Al-Jazeera reports on the latest protests in Saudi Arabia's Shi'ite majority east:
"Security forces in eastern Saudi Arabia have cracked down on a large demonstration in the eastern city of Qatif, killing two people and injuring at least 20, after a Shia leader was shot and arrested, activists said.
"Hundreds of protesters were reported to have taken to the streets on Sunday after Sheikh Nimr al-Nimr, a prominent Shia cleric and anti-government activist, was chased, shot and arrested while driving earlier in the day, human rights activist Hussain al-Alk told Al Jazeera...
"The protests were the largest in the city since November and December, when at least six demonstrators were shot and killed, Alk said. He said that he believed the government was prompted by influential Sunnis to escalate its pressure on the Shia opposition."

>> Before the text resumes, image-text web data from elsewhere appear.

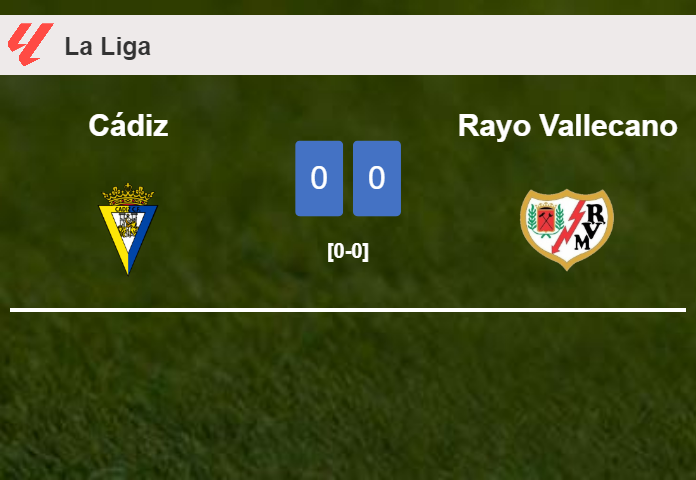 Cádiz draws 0-0 with Rayo Vallecano on Wednesday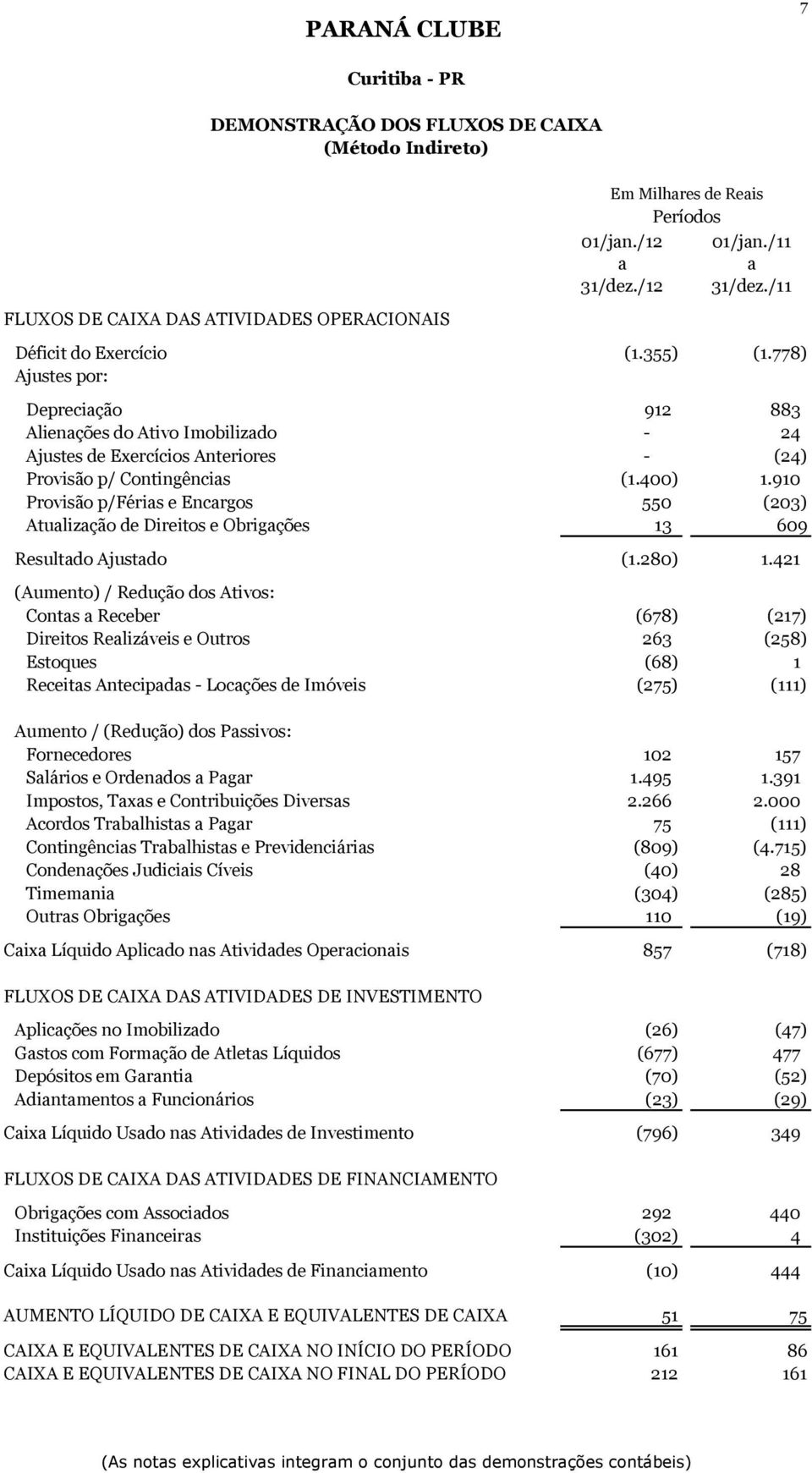 910 Provisão p/férias e Encargos 550 (203) Atualização de Direitos e Obrigações 13 609 Resultado Ajustado (1.280) 1.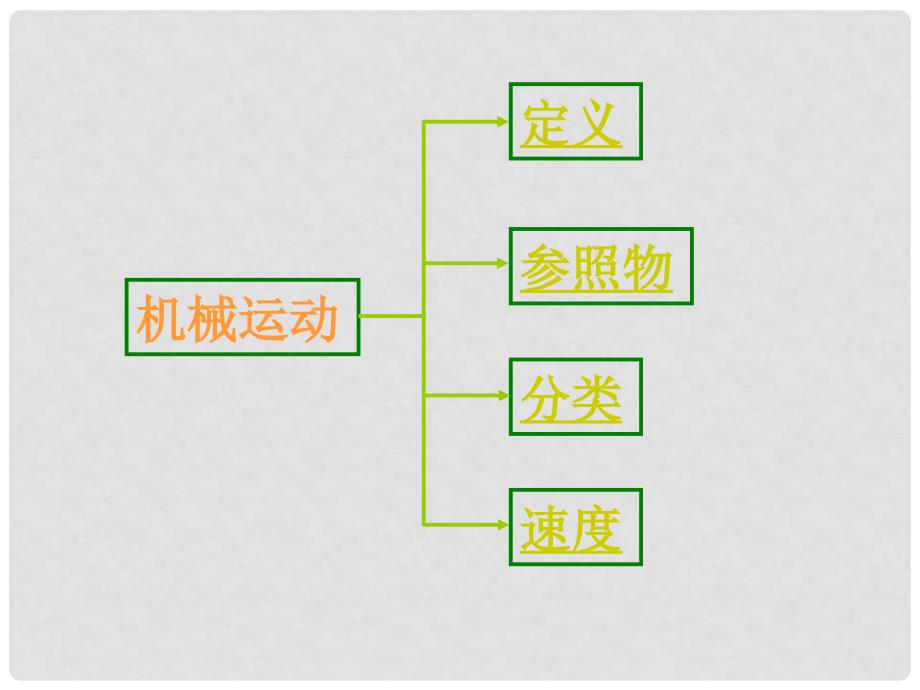 广东省东莞市寮步信义学校八年级物理下册 第七章《运动和力》期末总复习专题课件 粤教沪版_第3页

Toby Jones talks about al-Nimr in his Saudi Arabia chapter in the recent edited volume Militancy and Political Violence in Shi'ism: Trend and Patterns.  According to Jones, al-Nimr is from the village of al-Awwamiyya north of Qatif, and believes that peaceful negotiations will never persuade the the Saudi government to grant Shi'ites true equality in the country.  More Shi'ites began following him in 2009, when hundreds of Shi'ite pilgrims were attacked by security forces near Medina.  The Arab Spring seems to have intersected with rejectionism and growing activism from that time.